Claudia has grown up learning how to maintain a house in-Era and play the political game better than most men twice her age. She is on the verge of becoming queen and all she wants is a way to get out. As her wedding day to an odious royal brat draws nearer, Claudia is drawn in to the mystery of Incarceron. She discovers Finn through a key she steals from her father's office. Soon she is playing a game that is over her head and all she can do is hold on to the belief that Finn is the one to save not only herself but the kingdom as well. Claudia believes Finn is meant to be king.
I have to admit that it took me a while to get through this. Which is kind of weird since you would think that I would breeze right through - well-written, gripping plot, pretty fantastic characters - but I kept on setting it down and not being really motivated to pick it back up. Don't get me wrong, I enjoyed the book overall but it just seemed to be a bit, what's the word... long. I kept thinking, "Yep, got it. Keiro can't be trusted." or "Uh-huh, Claudia is super smart. Good for her." And I totally didn't get the part with the rings. Can someone explain those to me? My only real complaint is Claudia. I just find her a bit off-putting. I get the whole thing where she's supposed to be the 'I'm a teen rebelling,' but honestly someone in her position wouldn't make the mistakes that she did. Visiting Jared late at night and getting caught? Getting caught stealing by dad? Being a key component of a revolution? Cake! It should've been an absolute walk in the park with less bouts of childish selfishness. So emotionally self-indulgent! I started off the book liking her, because I thought "Finally! A girl who isn't going to get all emotional and fidgety about a boy! She's calm, collected, intelligent, and HAS A FREAKING CLUE!" But no, she went down the same path as so many before her. Angst and rebellion. Blech. I hope she knows that I judge her. Harshly. (Yes I totally know Claudia is a fictional character, but you see where I'm going with this.) Claudia was probably the biggest Debbie Downer of the book for me.

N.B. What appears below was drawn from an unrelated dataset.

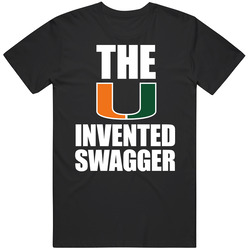 The U Invented Swagger Miami Canes Lewis Reed College Retro Graphic Unisex Soft Cotton Black Mens Soft Cotton Tee T Shirt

I could complain a little bit more, but to be perfectly honest the other complaints are pretty minuscule. There are just enough of them to get me a bit snarky. I really enjoyed the characters (except Claudia, but we've discussed), they all have a bit of mystery to them to keep them from being one-dimensional. Good times with the Warden, he was a fun character. Also Catherine Fisher did a great job with creating a complete world. There are questions I had, but they were dealt with in a way that I generally felt like I was ok not knowing. I love the weirdness of Incarceron and the Outside living in period. Weird! And wonderful, seriously who would think up a thing like that? Obviously Catherine Fisher, but who else? Well done. I know I'm doing a bit of a throw away with writing how good it was, and it was, but I really think that Incarceron was great because of the depth and detail to the entire book. No particular stand out moment where it was like damn, what a great book. I just finished the book being entirely satisfied. I kind of feel if you liked The Mortal Instruments series by Cassandra Clare, and let's be real how could you not, you'll probably like this book too.
Incarceron came out Jan. 26, 2010 and the sequel Sapphique comes out Dec. 28.